Problem requirements
Before copying, remove every picture, and then repeat all entries below precisely as written.
★ ★ ★ ★
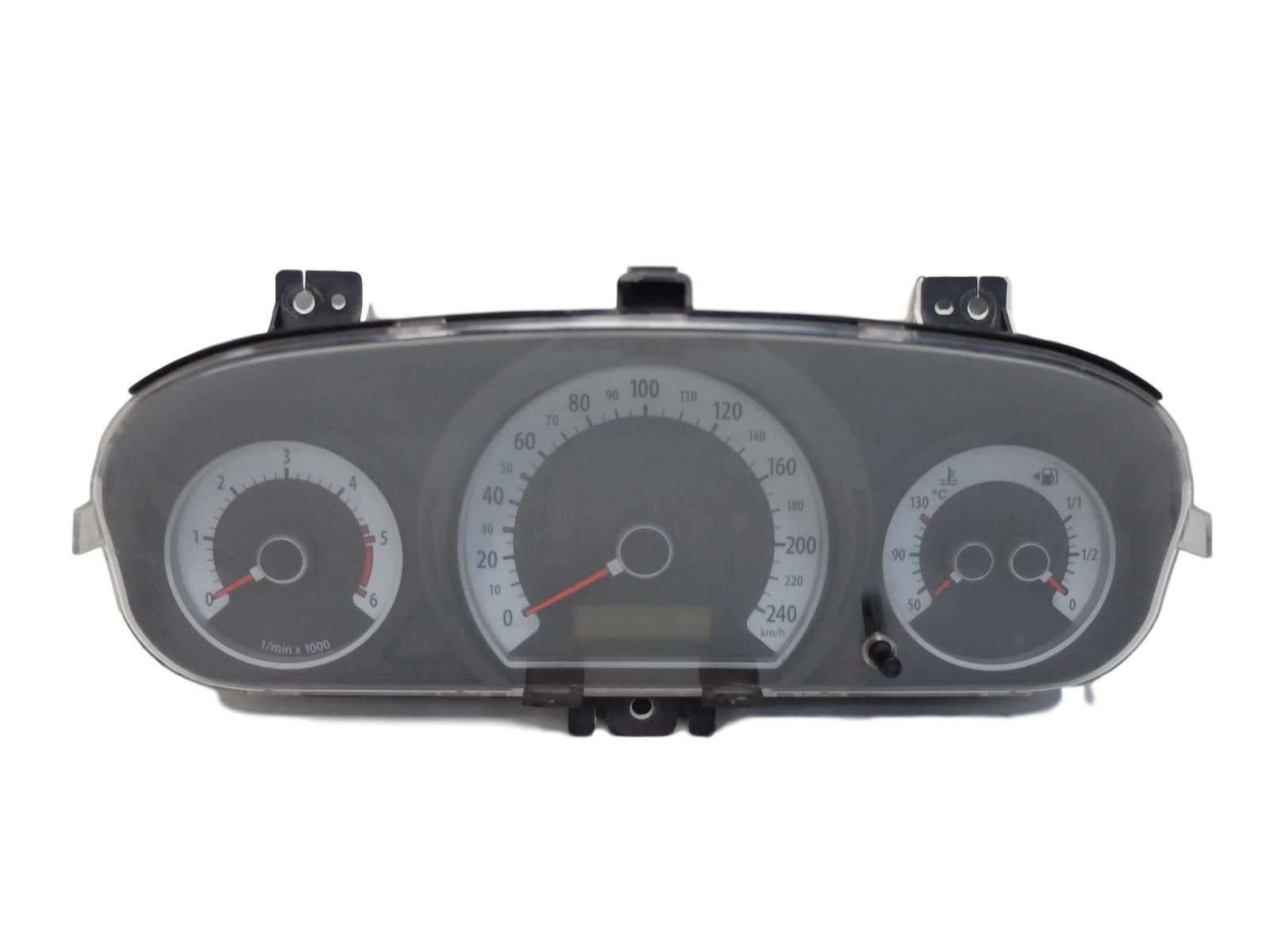 Tacho Kombiinstrument KIA Ceed 94003-1H090 main product photo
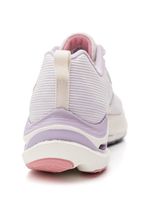 Tenis-Mizuno-Wave-Vitality-7-Corrida-Feminino-Bege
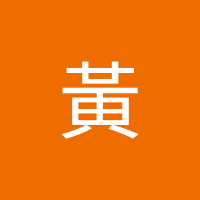 catt (@huang207951) 's Twitter Profile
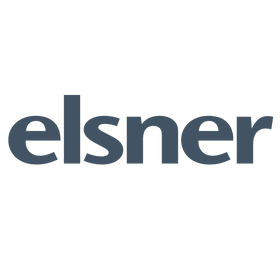 Elsner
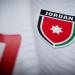اتحاد كرة القدم: بعثة المنتخب الوطني تصل ظهر الجمعة إلى عمّان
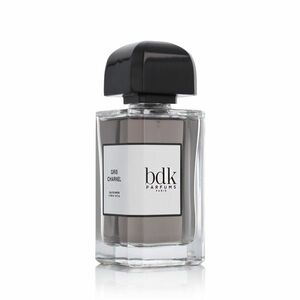 BDK Parfums Gris Charnel EDP 100 ml UNISEX obraz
★ ★ ★ ★
Your solution
 Tacho Kombiinstrument KIA Ceed 94003-1H090 main product photo
 Tenis-Mizuno-Wave-Vitality-7-Corrida-Feminino-Bege
 catt (@huang207951) 's Twitter Profile
 Elsner
اتحاد كرة القدم: بعثة المنتخب الوطني تصل ظهر الجمعة إلى عمّان
 BDK Parfums Gris Charnel EDP 100 ml UNISEX obraz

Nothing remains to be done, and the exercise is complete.